Sempre procurei participar e colaborar nas lides ipefeanas e devo ao mesmo ( IPEF/PIRACICABA e IPEF/ASSOCIADAS) as facilidades concedidas, oportunidades abertas, inspirações e desafios para evoluir na carreira docente e de pesquisador. Inclusive, o respeito e admiração eram mútuos que dois fatos foram de destaque no início da década de 70: doação de um digestor REGMED para a SQCP Seção de Química, Celulose e Papel--- bons tempos, não?) e a primeira “continha” para administrar os parcos recursos da Seção. Essa benesse depois foi estendida a outras seções/ setores hoje laboratórios) da Cadeira/Departamento e hoje, a Diretoria Executivatem que “conviver” ( “sobreviver” e “rebolar”) com a administração de cerca de 100 contas que movimentam de 1 a 1,2 milhão de reais por ano. Cruzes!!!

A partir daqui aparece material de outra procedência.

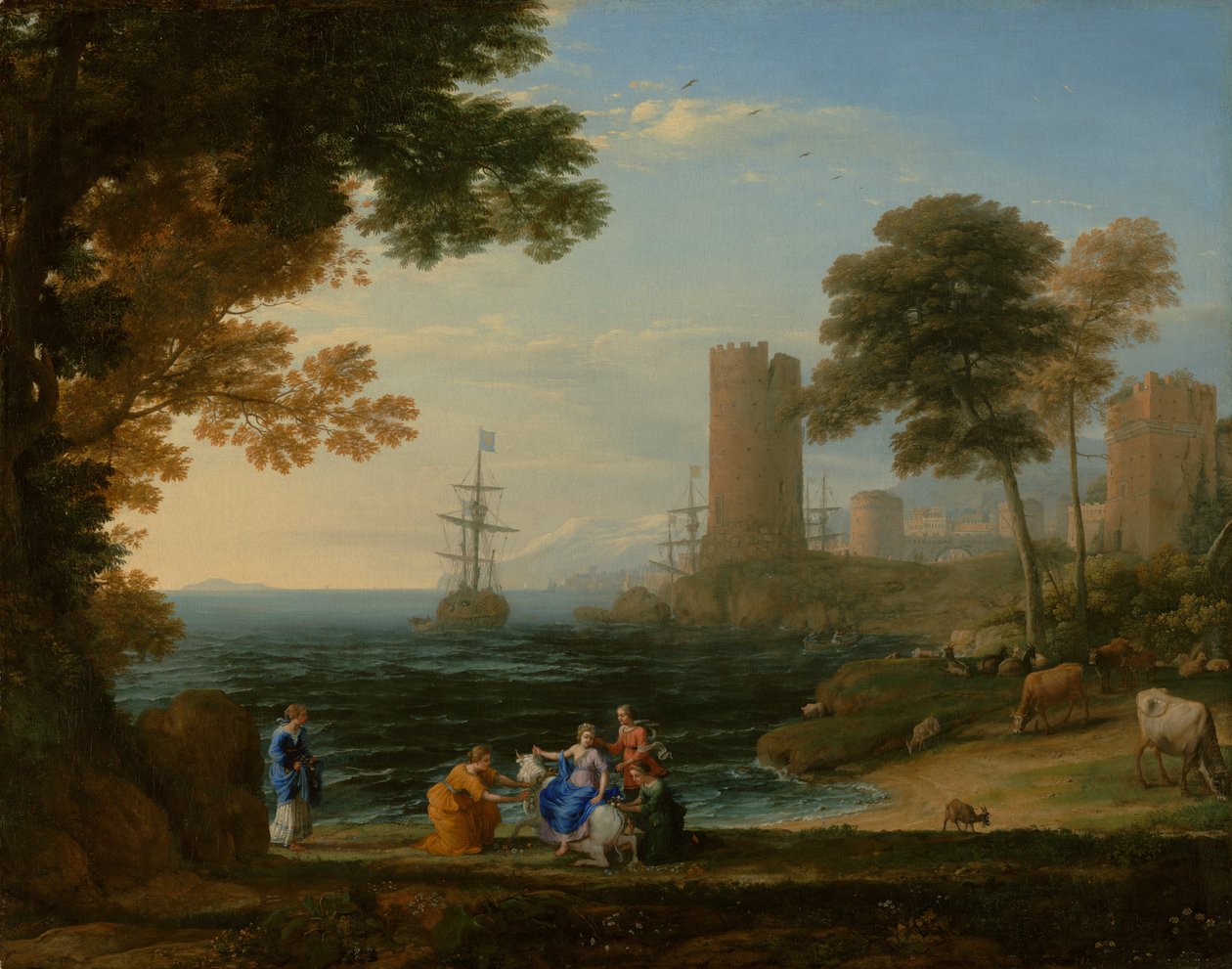 Pohled na pobřeží s únosem Evropy, cca 1645 (olej na plátně) od Claude Lorrain
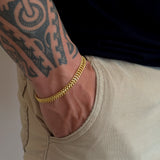 Kit Corrente e Pulseira Grumet Dupla 7mm Fecho Duplo Banhado A Ouro 18k
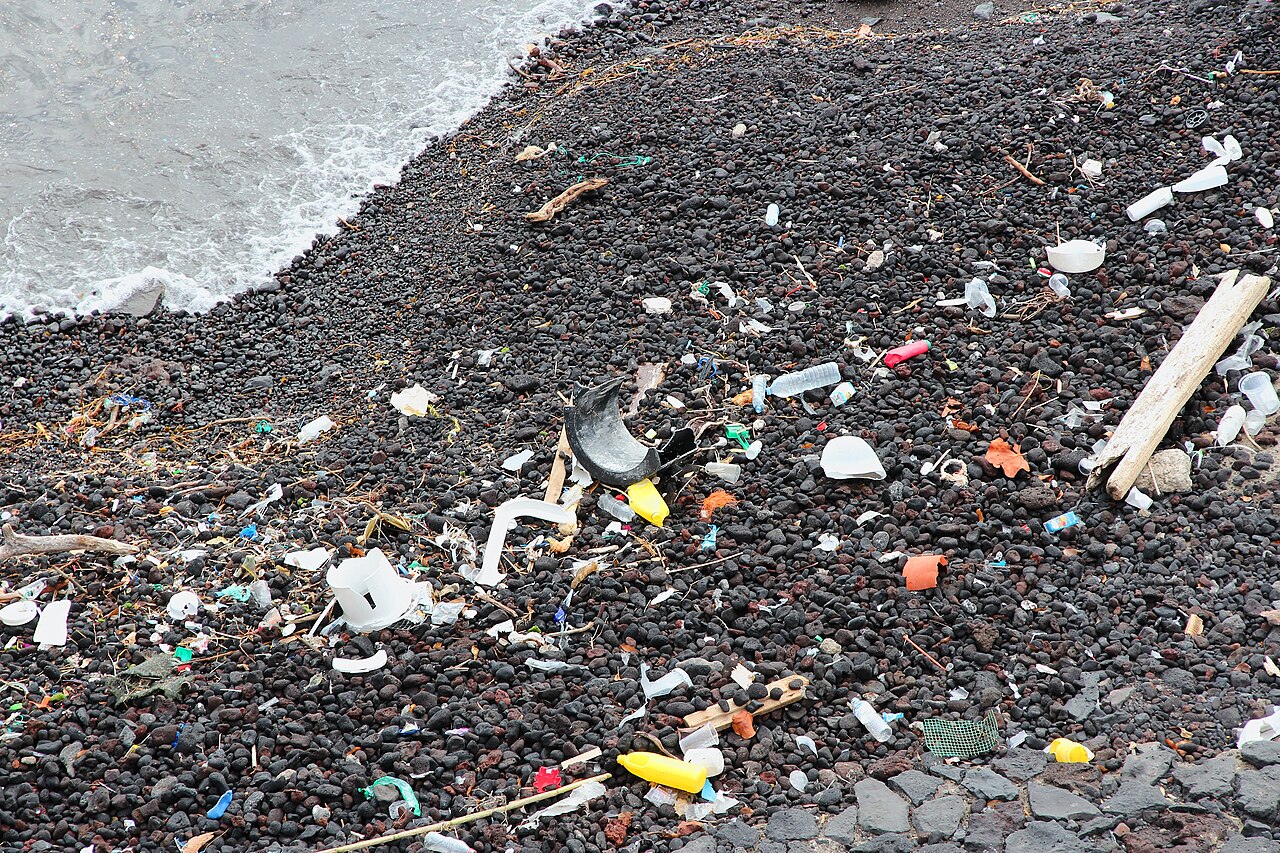 Plastic bottles, containers, and other debris scattered across a black-stone beach beside the ocean.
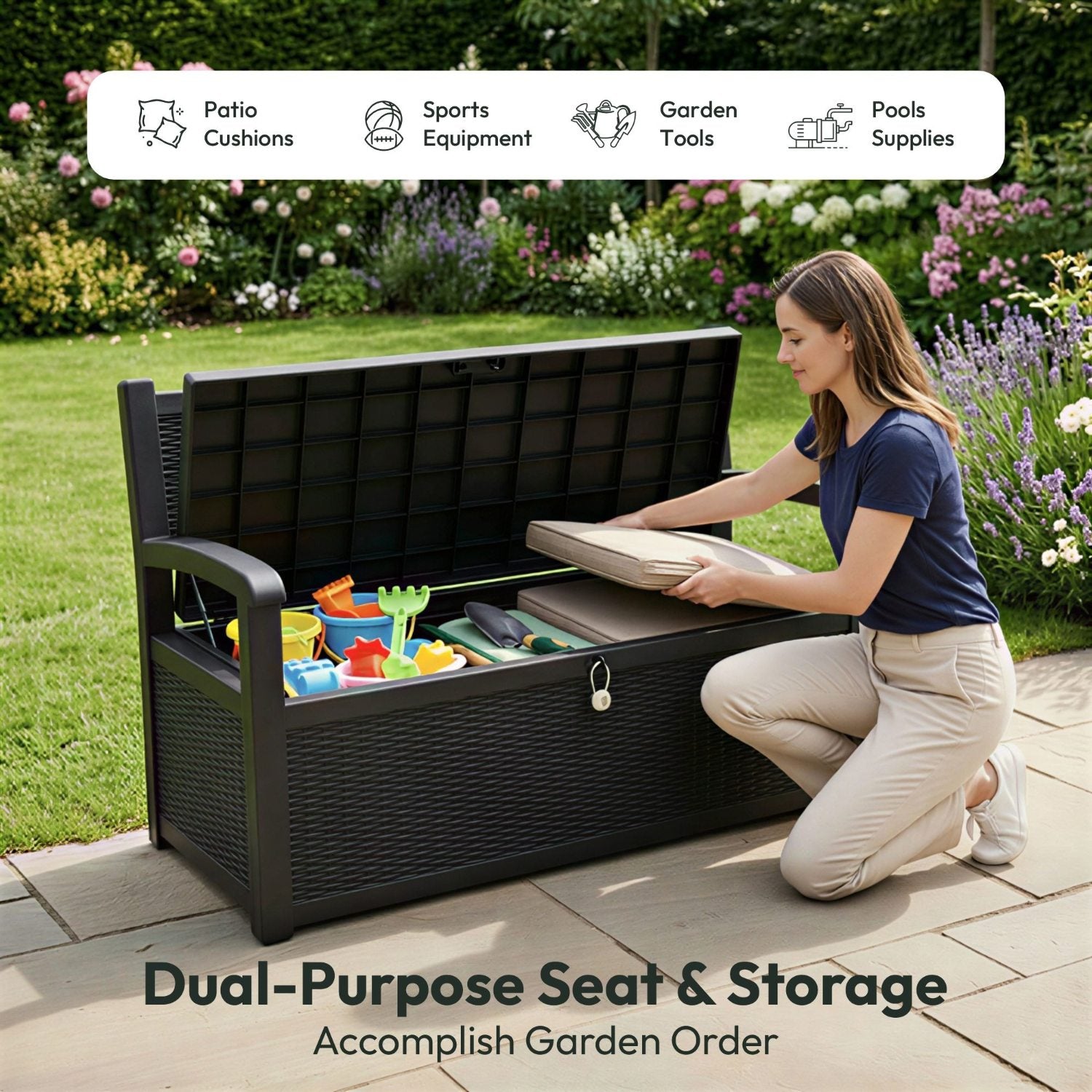 Olsen & Smith Outdoor Garden Storage Bench 265L – Weather-Resistant Rattan Effect Plastic Seat with Lockable Storage Box, Patio Furniture Chest for Tools, Cushions & Toys – Black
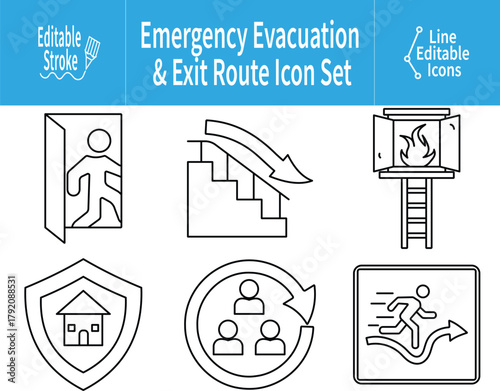 Emergency Evacuation and Exit Route Line Icons featuring running person, stair arrow, fire escape ladder, safety shield, group muster point, and directional exit sign for building safety planning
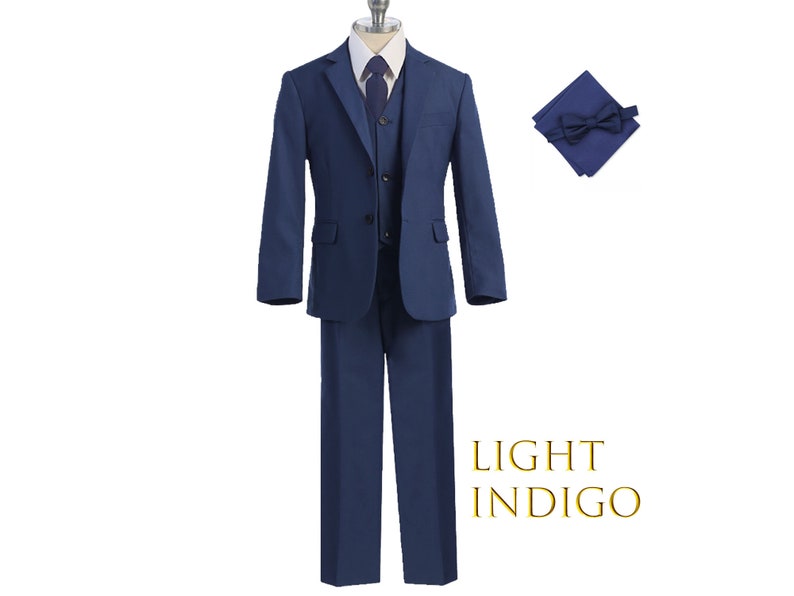 Boy Slim Fit 7-piece Suit Jacket Vest Pants Shirt Tie Bow-Tie Hanky, Indigo Navy Royal Blue, Sky Blue, Wedding Ring Bearer, Prom 30% Sales Light Indigo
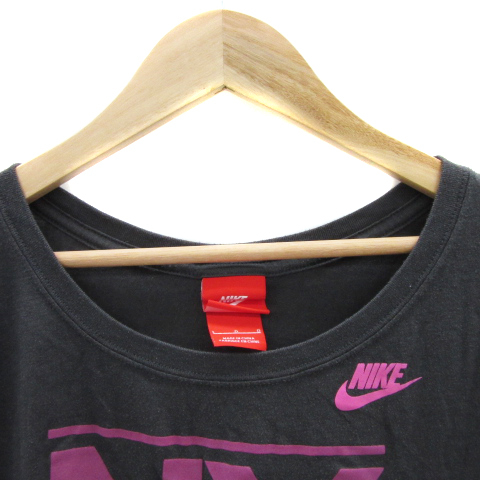 ナイキ NIKE Tシャツ カットソー 半袖 ラウンドネック プリント チャコールグレー ピンク /YS38 レディース_画像3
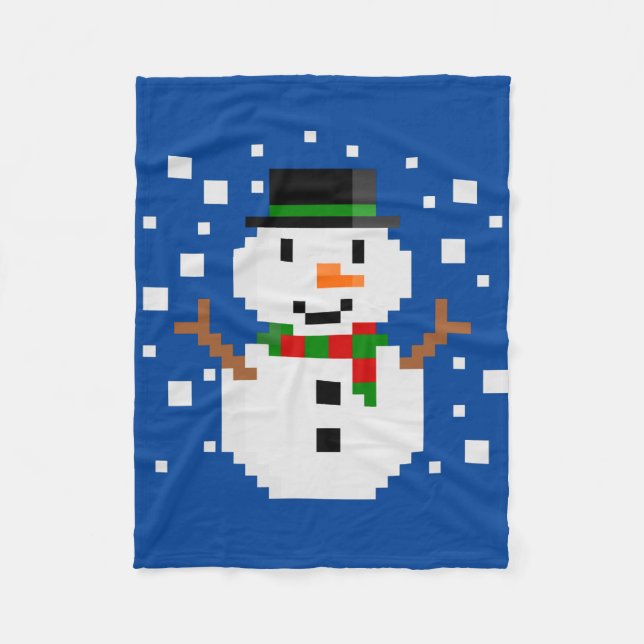 Manta Polar Muñeco de nieve de arte de píxeles (Anverso)
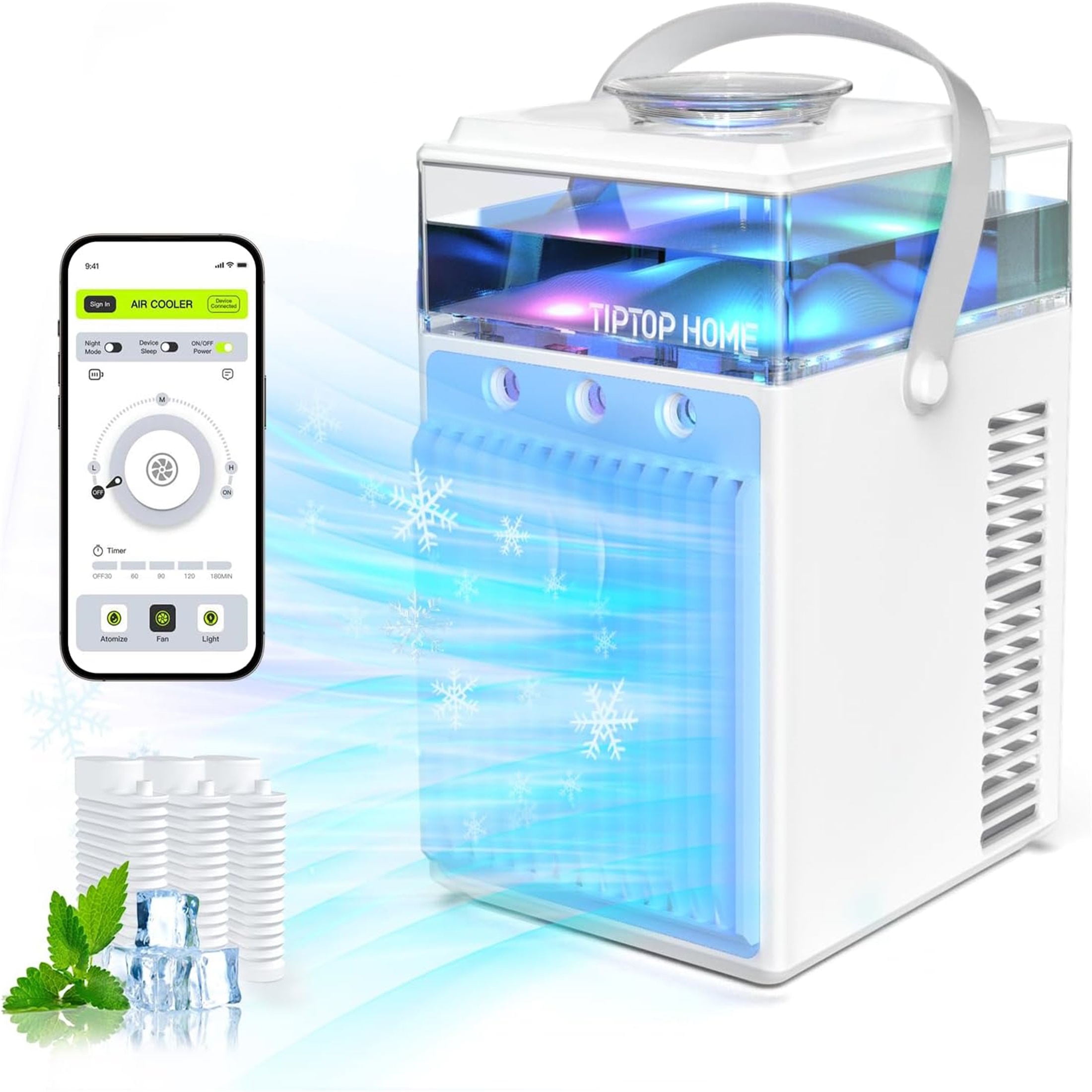 Portable Air Conditioners Fan,4 in 1 Rechargeable Mini Air Conditioner, Air Cooler LED Humidifier,3 Speeds Mini AC Evaporative Personal Air Conditioner Cooling Fan for Office Bedroom Outdoor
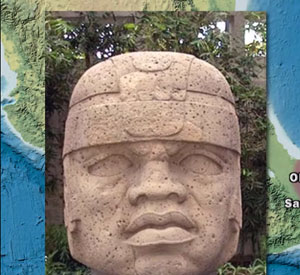 M&eacute;soam&eacute;rique : les Olm&egrave;ques, une carte anim&eacute;e de Vincent Boqueho pour Herodote.net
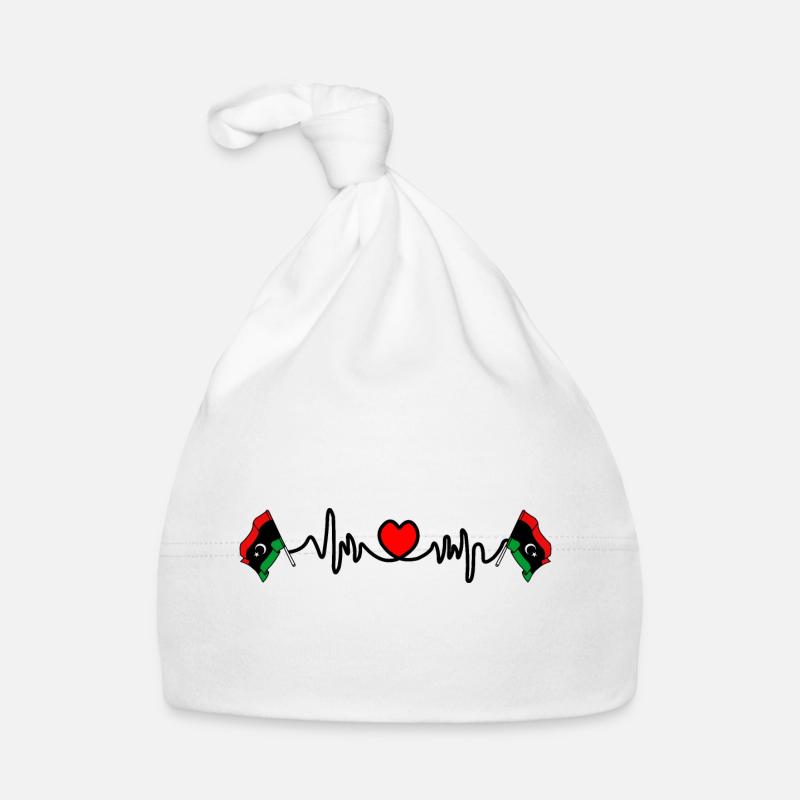 Herzfrequenz Cardio Flagge Libyen Baby Bio-Mütze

Em 1980 o IPEF entrou em “rota de colisão” com o Departamento briguinhas padrões de irmãos adolescentes ou aborrescentes). O LCF com 18 anos e o IPEF com 12. Na realidade... o que aconteceu foi que o “pai de todos” se aposentou e a filharada perdeu o rumo, o prumo, o azimute, o escambau!!!

Nestas alturas, a gestão administrativa já tinha mudado umas três vezes e o modelo da época previa a existência de três diretores: administrativo, técnico e científico. Como uma possibilidade de gerenciar o pandemônio reinante inclusive as empresas cogitavam de “fechar as portas”) fui lembrado como “a salvação da lavoura” e convidado para assumir o cargo (honroso) de Diretor Administrativo. Como todo idiota que se preza, aceitei não sei porque até hoje). Depois de um mês já concluía que “tinha entrado numa fria”. Resumo da ópera: após 6 meses de tentativas, finalmente consegui me demitir. Permaneço na dúvida sobre quanto foi incompetência, quanto foi inabilidade, quanto foi imperícia... enfim... um montes de “is”. Hoje aposentado, posso ver à distância que realmente administrar conflitos não é brincadeira...e se o conflito for com professores, então... não há possibilidade de avaliar ou medir as dificuldades. Minha conclusão é por causa de mais dois dos malditos “is” : imortalidade e indestrutibilidade que caracterizam grande parte dos docentes da USP, como de todo o funcionalismo público a nível municipal, estadual, federal e mundial ( e “intergalatical”, se houver no futuro)

Mas... sempre tem um mas.

Entrei em hibernação até junho de 1986 quando voltei, com toda pompa e circunstância, como Diretor Científico onde bati o recorde de “durabilidade” até 1992 ( excluindo Mestre Helládio que agüentou o rojão por 11 anos-1968/79), quando entrei em outra esparrela assumindo, no início de 1993, a Prefeitura do Campus “Luiz de Queiroz”. Como diz o Miguel Falabella, ator/diretor,“devo ter jogado pedra na cruz”. 

Até o calvário da “municipalidade esalqueana”, acumulei entre 1988 e 1992 a Chefia do Departamento de Ciências Florestais com a Diretoria Científica do IPEF. Aí deu pra “deitar e rolar”, e aproveitei para copiar (emular, mimetizar, seguir, tentar se igualar, etc.) o modelo do Prof. Helládio de “chefe absoluto”. Abrindo um parênteses, hoje, com honrosas exceções predominam os “chefes relativos”, fruto do “desejado e sonhado” democratismo que procura somar/acumular benefícios e subtrair/evitar responsabilidades.

Após a aposentadoria permaneci como professor permissionário ( termo hororroso) até 2001 e em seguida, mandei-me para outras plagas, prados e campinas, retornando à casa em maio de 2004 como Diretor Executivo do IPEF onde permaneci até abril de 2016, porque Deus e os “is” permitiram.